Artificial intelligence, also known as machine learning, is a nonlinear mathematical modeling technology that is used extensively in modern day living, such as email communications, social media, web searching, stores and services, banking and finance, aviation and prediction of machinery failure, maps and directions, criminology, and war.15, 31 Recently, artificial intelligence is being increasingly used in clinical medicine including gastroenterology32, 33 endoscopy,34 and hepatology,15 radiology,35 pathology,36 dentistry,37 oncology,38 cardiology,39 dermatology,40 neurosurgery,41 gynecology,42 and in medical research, particularly big data analysis. Whereas convolutional neural network is the usual network used for image analysis,43 feed‐forward multilayer perceptron networks are the modeling technique for clinical prediction and have been used in the current study as well.
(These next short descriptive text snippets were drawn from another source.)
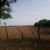 Productores de maíz pierden cosecha por sequía en Chinandega Productores de maíz pierden cosecha por sequía en Chinandega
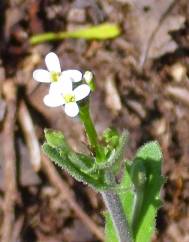 Arabis stenocarpa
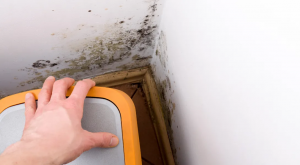 Why Mold Testing Redondo Beach is Essential for a Safe and Healthy Home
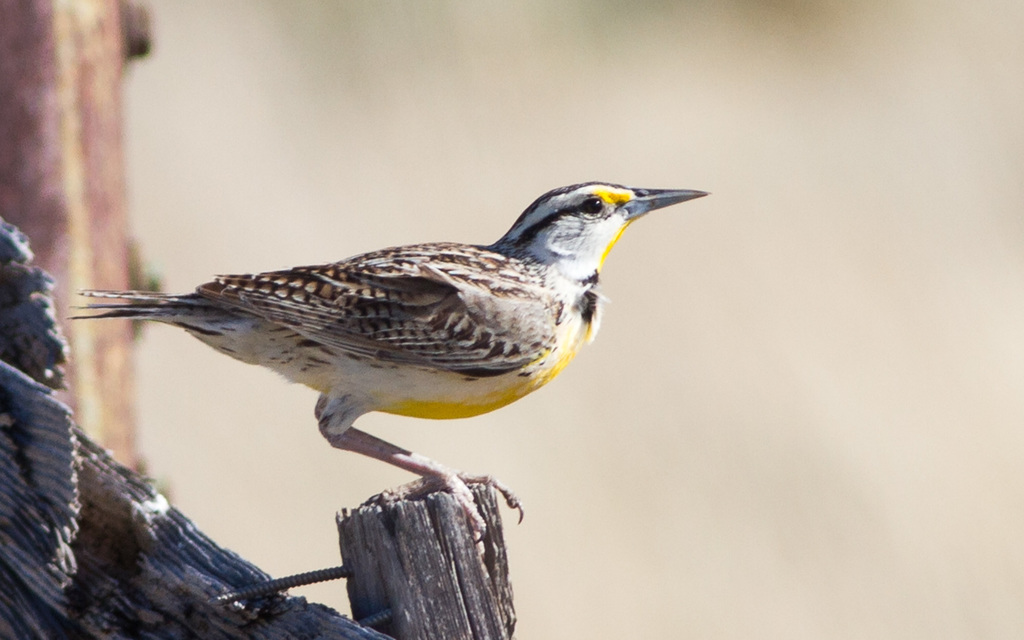 Chihuahuan Meadowlark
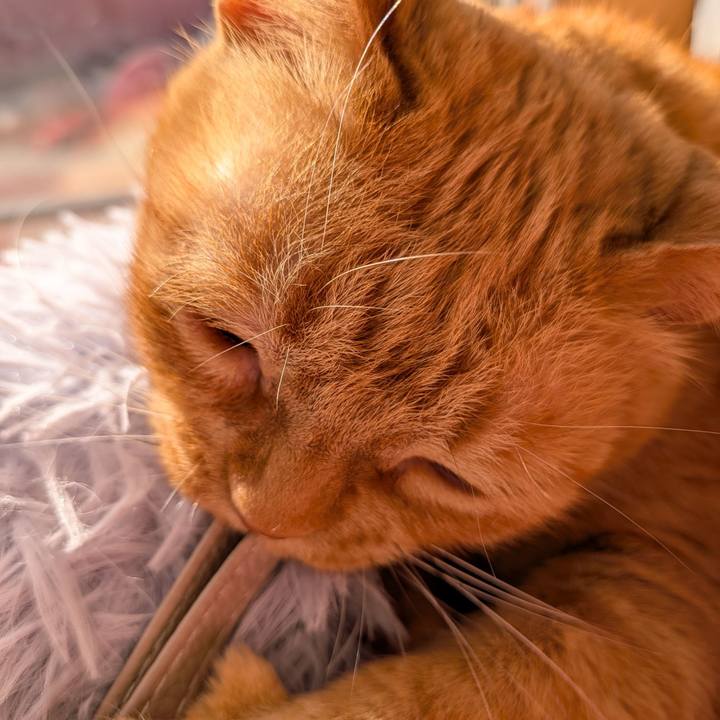 36872125 9b94 43ce b47e 7e29fc388bfa 1773450114880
Particular advantages of artificial intelligence, that place this technology potentially in higher position than the other modeling techniques include nonlinear method of data analysis, ability to continue learning like human brain by back‐propagation and autocorrection, and inclusion of all the variables for prediction rather than a limited number of parameters. However, limitation of this technology is lack of familiarity among clinical personnel, and over‐learning or over‐fit by the models that reduce their broader utility or robustness. However, these limitations are being overcome by inclusion of such networks into machines that automatically help the clinicians in the diagnosis without the need of their familiarity with the technology itself. Though such “black box” approach has its own limitations, it is likely to result in broader application of this technology in different branches of medicine in future.

In conclusion, the prediction of response to medical treatment in patients with UC using linear and nonlinear modeling technique is possible taking serum albumin and Hb into consideration. Therefore, prospective clinical studies will be needed to evaluate the use of such models in decision‐making.